As far as she could tell, Colonel Molle had not merited condemnation. On the contrary, he had very kindly made Dorothea a gift of eight yards of zeno for mosquito curtains, which would otherwise have cost her one shilling and sixpence per yard—if, indeed, it had been at all procurable in the colony. Mrs Molle, for her part, had been no less generous. Having followed her husband across the world, she was a positive fount of wisdom, and allowed nothing to dismay her. After Egypt, she said, New South Wales was quite delightful; its climate was far less enervating, its air so much purer. A healthier country all round, she declared, though if Dorothea should suffer any unpleasant effects, she must consult Buchan’s Domestic Medicine, a copy of which Mrs Molle would happily lend her. The Housekeeper’s Receipt Book was also very useful, especially when it came to the treatment of children’s complaints.
‘My eldest was much troubled by worms, in Egypt—which is a country sorely afflicted by parasites,’ Mrs Molle revealed one day, as Dorothea sipped tea in the Molles’ drawing room, ‘and without The Housekeeper’s Receipt Book, I should have been at a complete loss. But after treating the poor child with a solution of tartarised antimony, followed by a simple purging powder, the problem was entirely removed.’ Fixing Dorothea with a commanding gaze, Mrs Molle squared her shoulders. ‘One must learn to fend for oneself, in places such as this, Mrs Brande,’ she continued. ‘It is not difficult, provided one has good sense and a few helpful books of instruction.’
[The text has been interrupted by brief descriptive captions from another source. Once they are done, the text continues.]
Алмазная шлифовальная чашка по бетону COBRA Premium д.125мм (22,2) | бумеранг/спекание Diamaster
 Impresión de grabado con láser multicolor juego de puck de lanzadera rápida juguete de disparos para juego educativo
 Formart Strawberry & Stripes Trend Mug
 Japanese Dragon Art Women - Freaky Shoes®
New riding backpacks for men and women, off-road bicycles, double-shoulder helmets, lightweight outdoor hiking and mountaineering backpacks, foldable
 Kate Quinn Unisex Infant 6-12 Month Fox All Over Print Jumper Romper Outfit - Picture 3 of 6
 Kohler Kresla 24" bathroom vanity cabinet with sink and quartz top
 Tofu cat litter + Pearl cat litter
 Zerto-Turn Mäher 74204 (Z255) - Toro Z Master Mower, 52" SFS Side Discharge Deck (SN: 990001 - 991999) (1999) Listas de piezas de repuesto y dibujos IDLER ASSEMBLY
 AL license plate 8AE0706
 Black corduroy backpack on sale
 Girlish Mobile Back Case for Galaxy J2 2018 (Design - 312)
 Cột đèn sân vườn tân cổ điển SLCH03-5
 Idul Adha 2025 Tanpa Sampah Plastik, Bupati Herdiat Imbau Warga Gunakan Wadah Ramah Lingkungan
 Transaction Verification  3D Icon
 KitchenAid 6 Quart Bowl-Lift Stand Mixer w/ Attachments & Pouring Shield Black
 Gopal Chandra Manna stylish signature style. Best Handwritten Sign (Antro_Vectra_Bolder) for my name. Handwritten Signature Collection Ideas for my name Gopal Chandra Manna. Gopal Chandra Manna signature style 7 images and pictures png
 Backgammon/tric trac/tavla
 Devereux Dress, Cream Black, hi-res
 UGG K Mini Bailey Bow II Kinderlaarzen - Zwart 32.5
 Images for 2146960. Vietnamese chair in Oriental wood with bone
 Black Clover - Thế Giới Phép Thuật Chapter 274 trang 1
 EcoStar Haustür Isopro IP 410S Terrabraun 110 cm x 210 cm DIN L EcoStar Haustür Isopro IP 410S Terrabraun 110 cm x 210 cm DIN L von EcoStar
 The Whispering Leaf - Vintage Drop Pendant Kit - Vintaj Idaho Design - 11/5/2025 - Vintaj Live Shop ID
Meekly, Dorothea set her cup down. ‘But I have brought no books of instruction,’ she confessed.
‘Then you must compile your own. I am forever copying down receipts and patterns—there is nothing more useful. I am also very attentive to the advice of more experienced residents. Barrack-master Mackintosh, for example, has supplied me with some important information. He has warned me against purchasing any cheap shoes in this colony. He says that the leather made by Mr Wilshire, at the tan yards, is unexceptionable, but that many cheap hides are only stained, not ta
nned, and that these are sold for less than half the price of good leather.’
‘I see,’ said Dorothea. She always felt humbled by Mrs Molle, who was taller than Dorothea, and more erect, and who seemed to be settling into her new home quite nicely. Of course, Mrs Molle had the infinite advantage of a large, solid house—the commanding officer’s house—and a resident staff. She also had her husband’s enormous salary to draw on, and the services of a properly trained English nursemaid. Even so, it was to her energetic character that her mastery of the minutiae of a colonial existence could be chiefly attributed.
Her breadth of knowledge was truly astonishing. She had already, within the past fifteen minutes, warned Dorothea against using the soldiers’ wives as laundresses (‘Take my advice, Mrs Brande, and entrust your garments to a properly trained woman, as I have’), offered to provide Dorothea with some English half-pint basins, for preserving (‘colonial jars are too porous, as I have learned to my dismay’), and recommended a seamstress who charged only four shillings and sixpence for making up a simple gown. ‘Not for yourself, of course,’ she added, ‘but for any servant whose clothes you might be required to furnish. By the by, Mr Brande, how is that new girl of yours behaving? Mrs O’Connell’s old maid? I hope that she is proving satisfactory.’
Dorothea groaned. She gazed out a window at the barrack yard, where squads were being exercised. A non-commissioned officer was measuring steps with a pace-stick. Another was demonstrating firelock drill. A soldier’s wife was laying out clothes to dry on the sun-baked earth.